A credit card balance transfer can be a good way to consolidate debt, allowing you to pay it off faster and save on interest charges. However, you must keep in mind that balance transfers have both advantages and disadvantages. Before deciding to do a balance transfer, it is important to understand these five things about how a balance transfer works.
Lower interest rate
Balance transfers are such a good deal because they usually offer much lower interest rates than you are currently paying. Credit card companies often offer introductory periods where there is a very low interest rate or even 0 percent for borrowers with very good credit. These offers can last anywhere from 6 to 18 months, giving you a chance to significantly reduce your debt.

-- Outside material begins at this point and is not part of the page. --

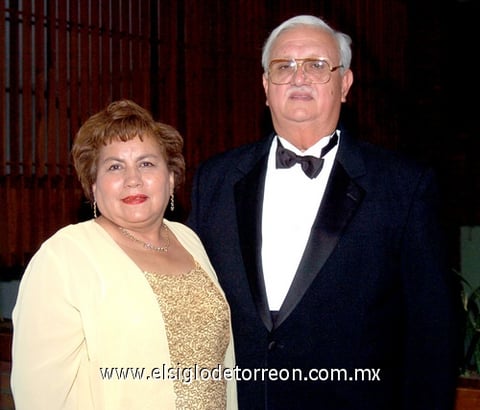 14052009 Rebeca Marín y René González, en la fiesta.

Some people get tripped up when doing a balance transfer because the new card’s limit is not enough to cover the entire amount they want to transfer. If your credit is not great or if you have a lot of debt, you may not get a very high limit on the card to which you wish to transfer balances. If that is the case, then you need to have an alternative plan. You may need to keep paying off the remaining balance on the old card or find a second balance transfer offer.
Minimum monthly payment
Even if you get a 0 percent interest offer on your balance transfer card, you still will be responsible for making minimum payments. A 12-month 0 percent interest period does not mean 12 months of no payments. If you do not make the minimum payments on time, you could face late fees. In addition, many transfers have clauses that eliminate your introductory rate if you miss a payment.
Almost all balance transfer offers come with a transfer fee, which is usually anywhere from 3 to 5 percent of the balance being transferred with a minimum fee that’s usually around $100. If you are transferring a large balance — say, $10,000 — you could pay a a fee of as much as $500. You have to weigh the fee against what you are saving on interest costs to ensure you are getting a good deal.

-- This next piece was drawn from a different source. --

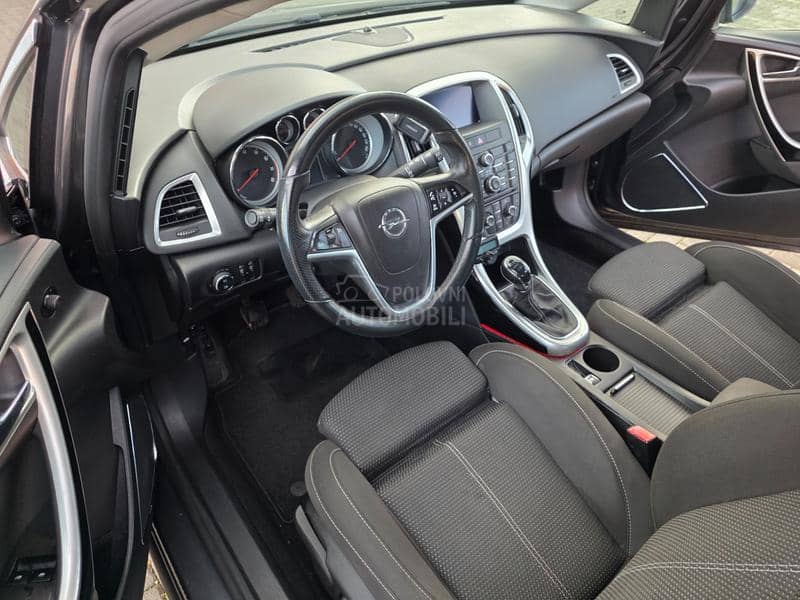 Opel Astra J 1.4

Balance transfers to existing cards
Often, a card account you already have open will offer you a low rate to transfer balances. You have to keep in mind that the low rate applies only to the transferred balance and not to additional purchases. In addition, you have to ensure you pay enough each month to cover both the minimum on the balance transfer and your purchase balance.
Balance transfers can be a good way to get out of debt faster. However, they have both pros and cons, and you have to weigh them before going forward.